Por más de moda que esté no llevarle la contraria al votante-cliente, mal profesional me parece el albañil, el comerciante, el político o el periodista que dice sí a todo. Igual que me parece mal profesional el que dice no a todo. Tanto uno como otro quieren hacernos creer que están al servicio del cliente-votante, pero en realidad lo que pone de manifiesto esa actitud es que sirven a su propio interés, a su conveniencia. Vender, vender, vender es el lema de estos tiempos políticos. Decir que se hace mucho o se va a hacer todo, aunque luego no se haga nada. Vender política, aunque lo que se venda sea una moto averiada. Humo, promesas irrealizables. Aparentar, comunicar, lo importante el eslogan, la marca, el cliché. La nada envuelta en papel de celofán.

No quiero decir con todo esto que haya que hacer política de espaldas al pueblo. Ni que haya que decir a todo que no. Lo que quiero decir es que la política es tener un proyecto de futuro para el país, la comunidad autónoma o el municipio, pactarlo con la ciudadanía en el momento de la campaña electoral y de expresión de la voluntad popular de las urnas y, a partir de ahí, dedicar todos los esfuerzos a llevarlo a cabo. Eso supone con frecuencia tener que decir que no a la multitud de demandas que surgen como setas a lo largo de los cuatro años de legislatura y que pueden acabar -y habitualmente acaban- desvirtuando el proyecto inicial.  

Dicho de otra forma: la honestidad del albañil -y del político- es tener un proyecto de obra y aplicarlo con rigor y criterios profesionales.
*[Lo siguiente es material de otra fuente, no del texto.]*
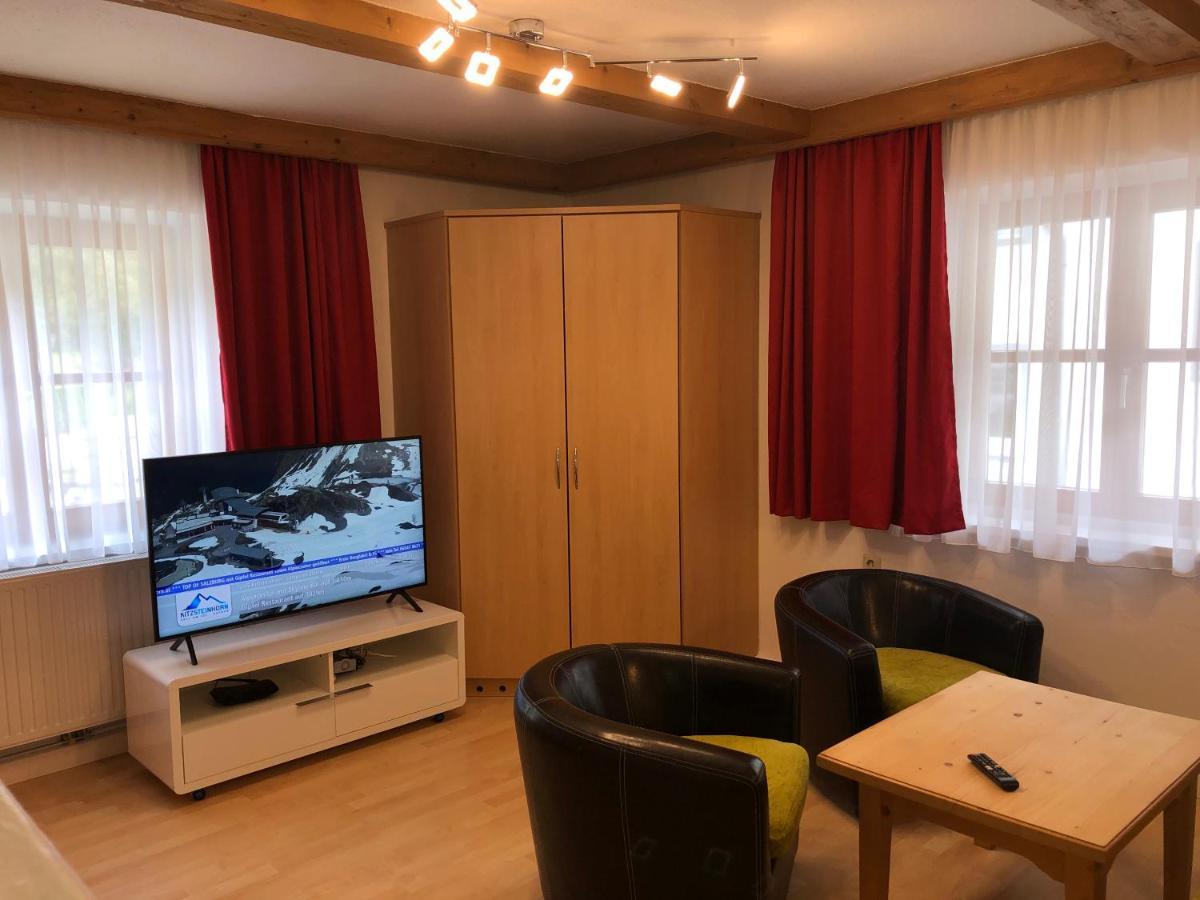 Familienappartements Eder - Free Entry To Tauern Spa Kaprun Included מראה חיצוני תמונה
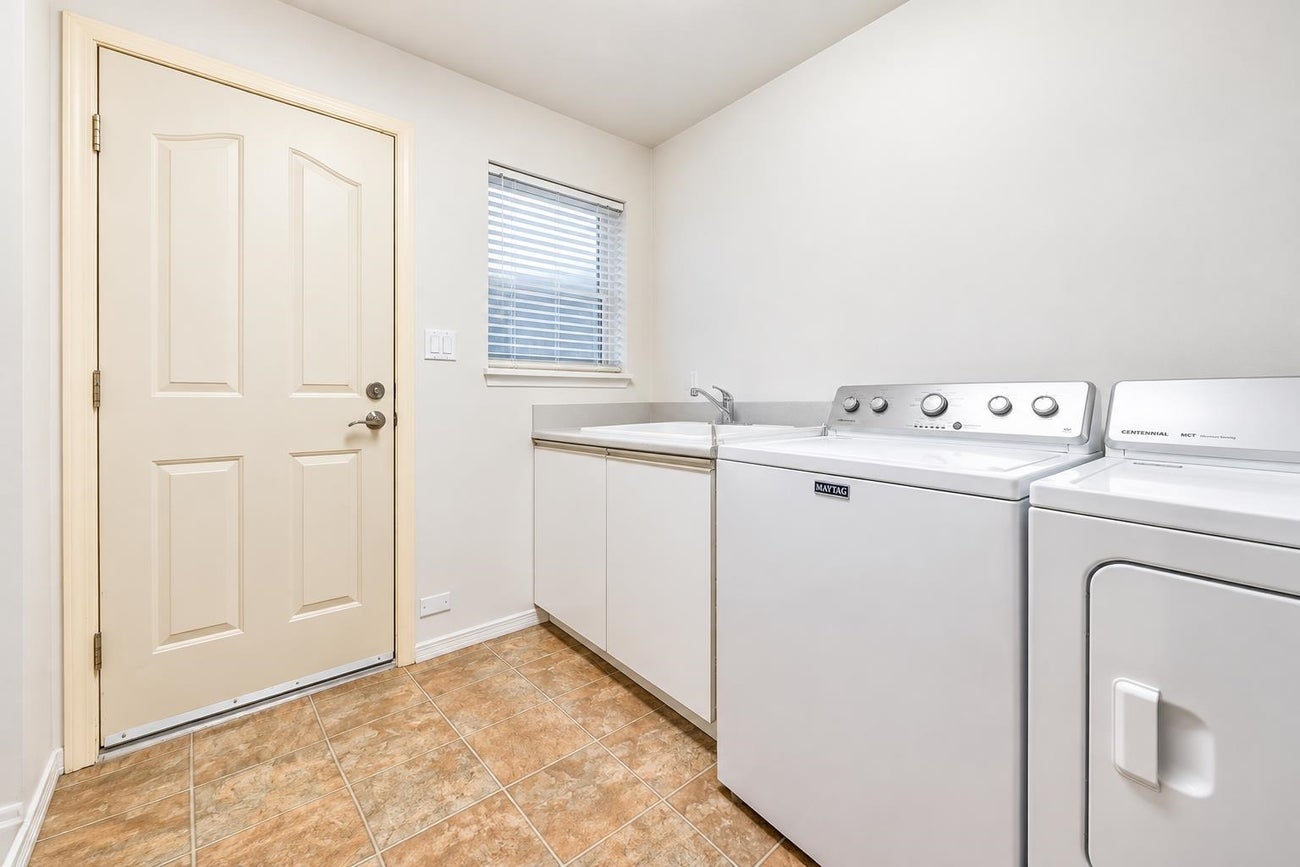 2902 Paul Lake Court - Coquitlam East Single Family Residence for Sale, 6 Bedrooms (R3167630)# - 20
Si eso supone negarse a poner ladrillos aquí y allá, tendrá que hacerlo, aunque le cueste disgustos con el propietario. En política, el proyecto de obra es el programa electoral y a él deben atenerse tanto el cargo público como el votante. Pero en los tiempos que corren a ver qué político se atreve a decir que no a algo. A ver qué alcalde autoriza a sus policías municipales que multen al conductor que deja su coche encima de la acera impidiendo el paso de los peatones o de quienes tienen que usar una silla de ruedas, por ejemplo. Por eso impera la norma de mirar para otro lado, decir que sí a todo y hacer luego lo que a cada cual le venga en gana.